Rebekah, I I think you are an amazing person. Please forgive me for not telling you that. Your honesty and intensity are frightening at times--but you can believe this-you would be missed a hell of a lot!
also it’s hard to hear but those friends aren’t worth having if they make you feel like a burden
Don't be so sad. You're an amazing TH-camr. Don't give up. There are people who love you. Sorry you feel that way. I will say a prayer for you tonight. 🙏
thank you. xo
@@RebekahRambles you're welcome. Hugs you.
this was the exact time that i was feeling bad
I know how you feel
I'd say keep telling people stuff cos at least that makes it their fault if they don't support you rather than ending up at the bottom of a downward spiral and something happens and them being all like why didn't you tell meee
You're awesome, please don't hurt yourself
Check out the new vid on the ITV News yt channel about talking to a stranger - more evidence to suggest you should tell people stuff, even if it doesn't always work it will sometimes
Pls keep letting us strangers know you exist or we'll worry (no pressure)
Oh and be wary about thinking cos one thing went wrong that everything's ruined, that one gets me all the time
Sorry for spamming you
Sending lots of ❤️ and positive thoughts.
we need to meet up at some point soon!! wana give you a big hugg 💕💕
So i understand that I dont know you. But if you ever need someone to speak to please reach out. I know and understand the feeling of being surrounded by so many people, family and friends, but yet feel so alone. I never did reach out to anyone. I could just hear them.. "he has a great job. Alot of friends and always happy around them" bla bla bla.. wich is all true but no one saw the cries for help. Until I went out for drinks with a very old friend and she just could see that something was off. I didnt say anything but she phoned me the next day and pretty much asked, "do you have thoughts about killing yourself?". It helped. I'm not gonna go about it here and I dont have an answer for you. But I can tell you what helped for me and the importance of having someone to talk to when it feels really bad.
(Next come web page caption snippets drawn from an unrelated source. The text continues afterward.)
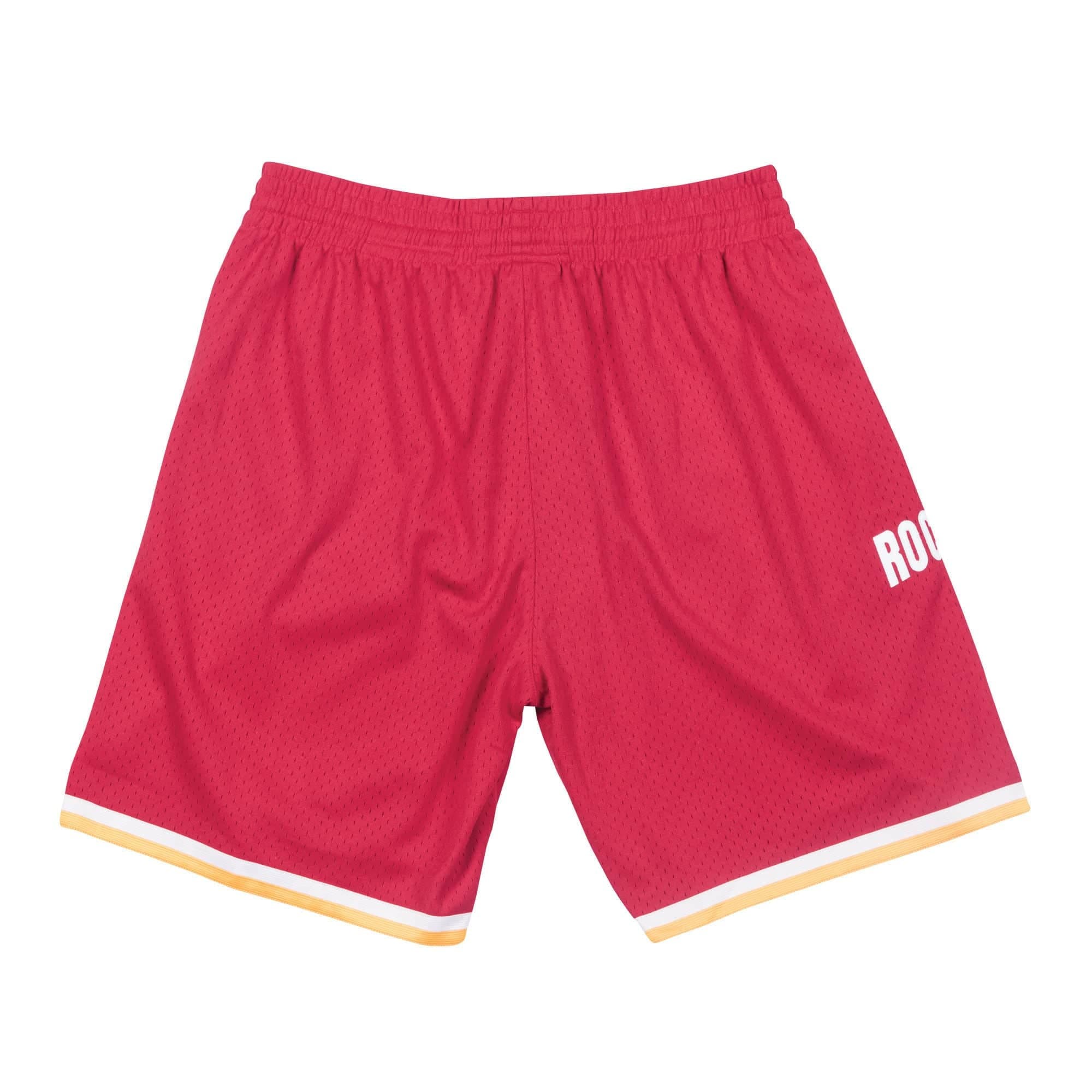 Спортивные шорты Mitchell & Ness Swingman Houston Rockets Road 1993-94 Shorts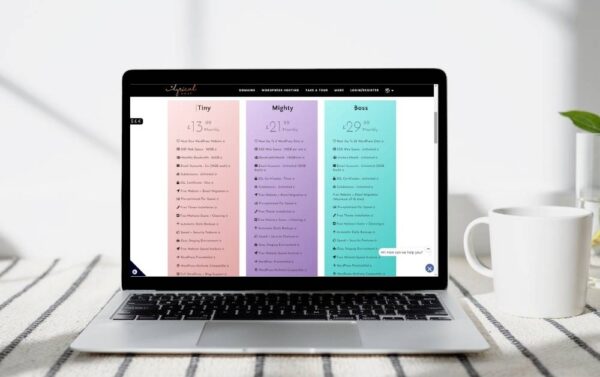 Best WordPress hosting for beginners - Kim Scotland Web Design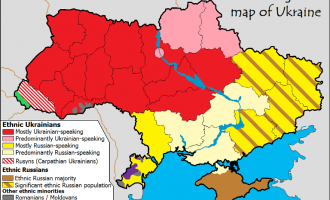 Μπορεί η διχοτόμηση της Ουκρανίας να προκαλέσει ένα γεωπολιτικό ντόμινο;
Hey lovely, it's Bobby-Jo, I'm trying to drop you a message but I noticed you deleted your IG and your twitter and FB haven't been active for a while so I'm not sure where the best place to reach you is? 💖
B hey, I’ve been using Instagram again, or Facebook messenger is still active 💛
And don't do it for TH-cam or anything like that do it for you
Been subscribed for a while, enjoy your videos. Feel free to send me a PM on here or elsewhere (links in description of my videos). I'll try to reply as soon as I can. I'm also sorry you feel the way you do.
Please contact me via Twitter, I'm so worried my friend.
The definition of insanity is doing the same and over and over again expecting a different result.
Do something new different challenging.
I dare you to walk up that steepest street in Wales.